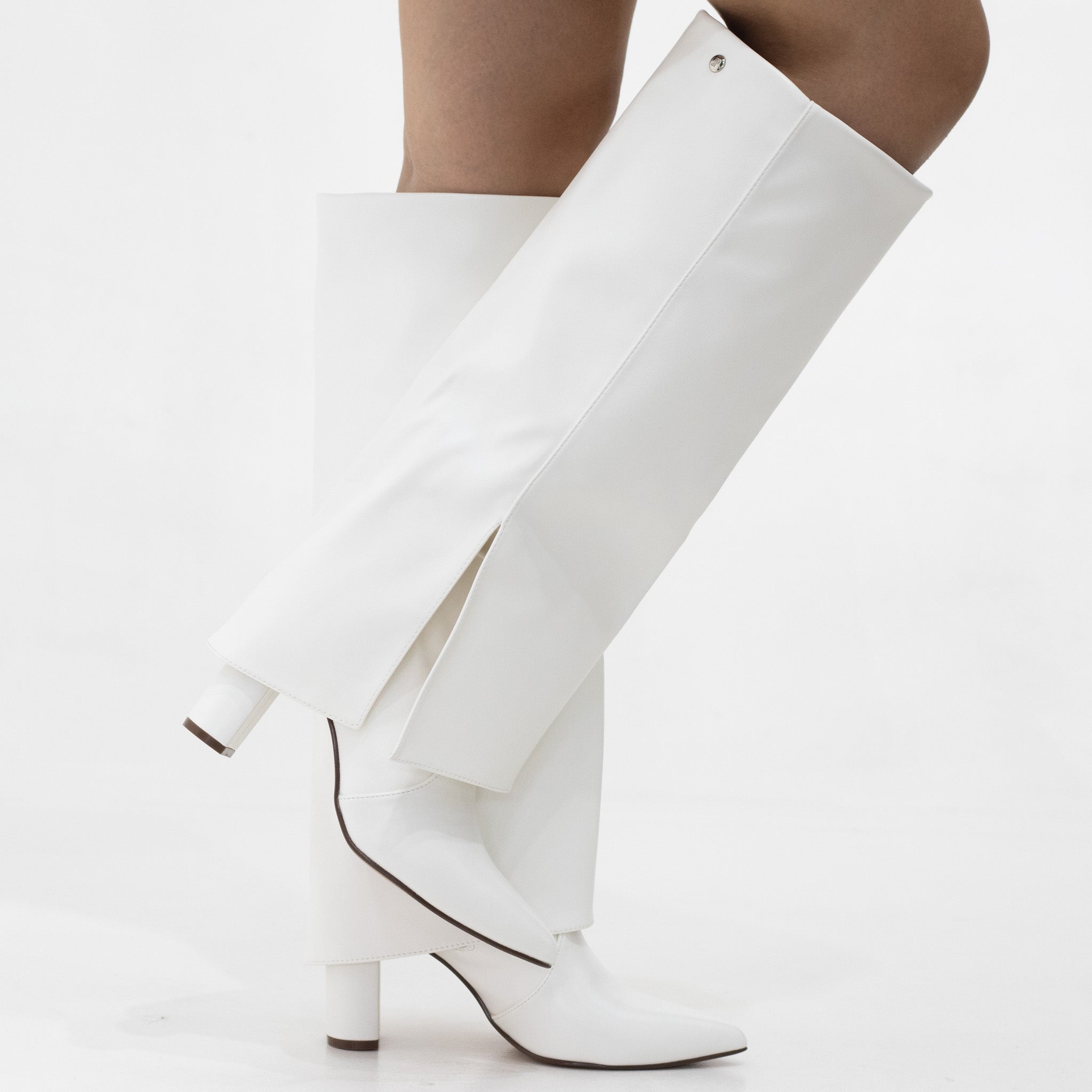 Vonda 8.5cm heel slouchy pu bootleg long boot white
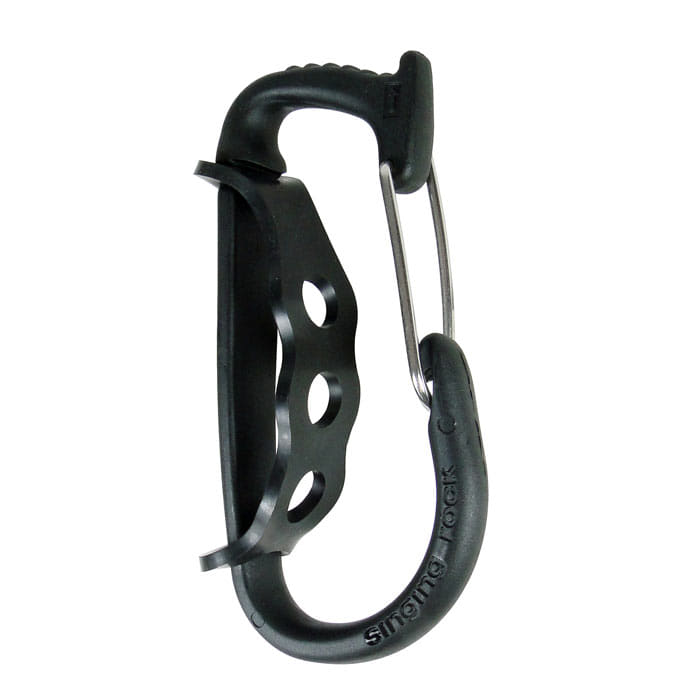 Porter snap hook by Singing Rock in black with straight wire closure and three holes in the handle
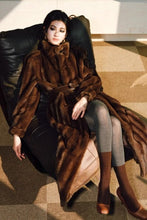 Load image into Gallery viewer, Mink-textured Three-dimensional Silhouette Belt Eco-fur Coat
============
• What is required:
Beginning with the line that includes "Porter snap hook" and ending with the last line of the material, reproduce those lines exactly and nothing else, with no pictures.

• Completed exercise:
 Porter snap hook by Singing Rock in black with straight wire closure and three holes in the handle
 Load image into Gallery viewer, Mink-textured Three-dimensional Silhouette Belt Eco-fur Coat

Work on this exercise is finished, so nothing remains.